**Problem**
Determine how many lines in the material below contain the word "black", and give that number without comment.

↓

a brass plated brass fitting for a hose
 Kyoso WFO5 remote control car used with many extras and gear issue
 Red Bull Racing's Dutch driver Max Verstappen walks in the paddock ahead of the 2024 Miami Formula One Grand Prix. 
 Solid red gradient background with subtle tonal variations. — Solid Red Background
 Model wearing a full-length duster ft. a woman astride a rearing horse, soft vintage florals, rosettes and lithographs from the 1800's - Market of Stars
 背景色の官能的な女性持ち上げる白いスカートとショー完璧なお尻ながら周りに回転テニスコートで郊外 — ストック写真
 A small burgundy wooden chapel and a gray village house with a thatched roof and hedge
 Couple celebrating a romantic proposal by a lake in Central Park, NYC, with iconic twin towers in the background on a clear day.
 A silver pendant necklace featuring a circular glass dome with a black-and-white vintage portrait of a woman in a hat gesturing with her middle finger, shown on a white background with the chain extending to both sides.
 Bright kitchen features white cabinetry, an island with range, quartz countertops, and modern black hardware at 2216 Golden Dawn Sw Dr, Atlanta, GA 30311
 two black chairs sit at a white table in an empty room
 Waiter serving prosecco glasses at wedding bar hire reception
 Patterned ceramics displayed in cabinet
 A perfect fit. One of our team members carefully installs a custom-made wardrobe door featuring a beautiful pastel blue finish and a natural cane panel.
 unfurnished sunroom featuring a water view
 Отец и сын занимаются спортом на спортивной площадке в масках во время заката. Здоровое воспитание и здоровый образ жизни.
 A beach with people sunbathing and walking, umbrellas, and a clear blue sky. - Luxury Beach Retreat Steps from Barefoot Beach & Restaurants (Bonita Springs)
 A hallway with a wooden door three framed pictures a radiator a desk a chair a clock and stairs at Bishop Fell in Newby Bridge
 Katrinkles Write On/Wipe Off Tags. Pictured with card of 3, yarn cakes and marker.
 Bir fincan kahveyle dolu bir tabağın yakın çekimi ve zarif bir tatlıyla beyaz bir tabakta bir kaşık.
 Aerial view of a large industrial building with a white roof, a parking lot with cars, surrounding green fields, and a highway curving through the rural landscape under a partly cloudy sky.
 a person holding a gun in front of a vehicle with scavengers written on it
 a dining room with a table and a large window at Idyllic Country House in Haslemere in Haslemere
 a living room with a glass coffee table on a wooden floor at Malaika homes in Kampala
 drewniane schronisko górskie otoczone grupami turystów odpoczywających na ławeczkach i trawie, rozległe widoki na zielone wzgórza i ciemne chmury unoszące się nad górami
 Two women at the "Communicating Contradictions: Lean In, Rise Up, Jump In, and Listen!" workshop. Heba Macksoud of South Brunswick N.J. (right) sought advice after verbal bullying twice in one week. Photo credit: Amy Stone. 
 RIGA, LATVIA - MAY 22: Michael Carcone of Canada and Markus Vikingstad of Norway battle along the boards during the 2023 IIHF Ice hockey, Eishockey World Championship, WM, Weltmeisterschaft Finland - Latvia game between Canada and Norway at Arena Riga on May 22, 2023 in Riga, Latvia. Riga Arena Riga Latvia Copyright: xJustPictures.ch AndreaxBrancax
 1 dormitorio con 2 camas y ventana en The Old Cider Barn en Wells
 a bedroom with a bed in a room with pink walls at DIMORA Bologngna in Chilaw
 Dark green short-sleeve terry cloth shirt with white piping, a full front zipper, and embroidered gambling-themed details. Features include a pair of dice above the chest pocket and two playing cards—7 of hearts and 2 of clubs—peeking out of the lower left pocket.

↑

**Result of this task**
3